11 Replies to “Three Long Years”

  1. Three years is indeed a lot of counting, and a lot of daily encounters that sting but in terms of processing the grief of that absolute ‘no’ it’s really not that long, and I think you’re doing brilliantly. Your love for Thomas shines through everything you write and there’s never the sense that you’ve let infertility become your primary personality trait, which big loss so often can. And hopefully in time the grief orbit will get a bit bigger and the hurt come less often.

    1. Thank you Carie. You are right, of course, that whilst it has been three years of trying, the actual grief part has been a smaller amount of time. And I do know that whilst time may never heal entirely, it does definitely soften the edges. I’ve worked hard not to let it consume me, and I suppose I should be proud that it hasn’t.

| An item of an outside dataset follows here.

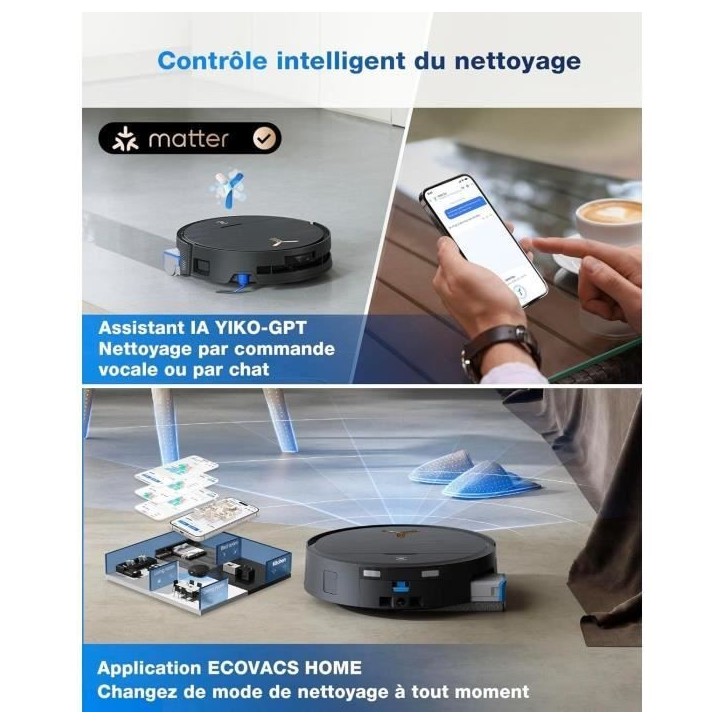 ECOVACS DEEBOT X9 PRO OMNI Robot Aspirateur Laveur - 16600Pa - Ultra-fin - Technologie BLAST - Auto-nettoyage instantané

    1. Thanks Donna. There is really nothing anyone can say, but it helps to know that people are reading, perhaps understanding a bit and offering their support x

  2. Hello, I stumbled across your blog quite by accident a month or so ago as I was waiting for the outcome of our final IVF attempt. Sadly it was negative and your post could have been written by me! We too have been trying for a second baby now for exactly three years and I feel like I’ve been living in a strange alternate reality for most of it. I hope we both find peace with it, it can be done I am told. Sending you virtual hugs from a stranger who totally gets it xx

    1. Thank you for commenting. I’m sorry that you are in the position that you “get it” but it’s always helpful to know I’m not alone. Sometimes it feels as though everyone else eventually gets their miracle. I hope that some of blog ramblings have been useful, and that it also helps you to know you are not alone xx

      1. I know what you mean about feeling as though everyone else eventually gets their miracle, alas that does not appear to be the case for us either, I had a similarly face slapping letter from our consultant that pretty much put paid to any hope for a miracle, natural or otherwise. My daughter was also conceived quickly and easily so it’s all been very weird that this is how things have panned out for us. Your blog has certainly helped me 🙂

        1. I still find it bewildering that it can all go so wrong so fast. I’m so glad that we didn’t wait any longer to try for the first time. It’s hard sometimes not to feel that it’s a bit unfair. Hope you are recovering from your failed IVF and the letter ok. I’m always happy to talk x

          1. Thank you, and you xx It is unfair, I’m certainly still in that angry, unfair, slightly desperate phase where I think surely it will happen but I know it won’t. Keeping your blog is such a great thing, I had one when my daughter was a baby but I stopped writing it when she was about 16 months, I wish I hadn’t now, I wish I had recorded every precious moment x

          2. I still find it hard to believe that it won’t happen even though my head knows it. I still have this dream…

            It’s not too late to go back to blogging. I don’t record everything, by any means, and there are big chunks of time missing, but I’m so pleased I have the stuff I do, and that’s why I keep at it even if it’s infrequent. It has helped sometimes with offloading some of the infertility stuff too. c

  3. You definitely cop it from all angles being so engrained in the preschooler world when many people in your day-to-to-day life are expanding their families. It must be very very hard not to be able to escape from that. I’m not sure there is any constructive advice for this sort of situation, but I think acknowledging your emotions (as you do so eloquently here on your blog) must be a small help in some way.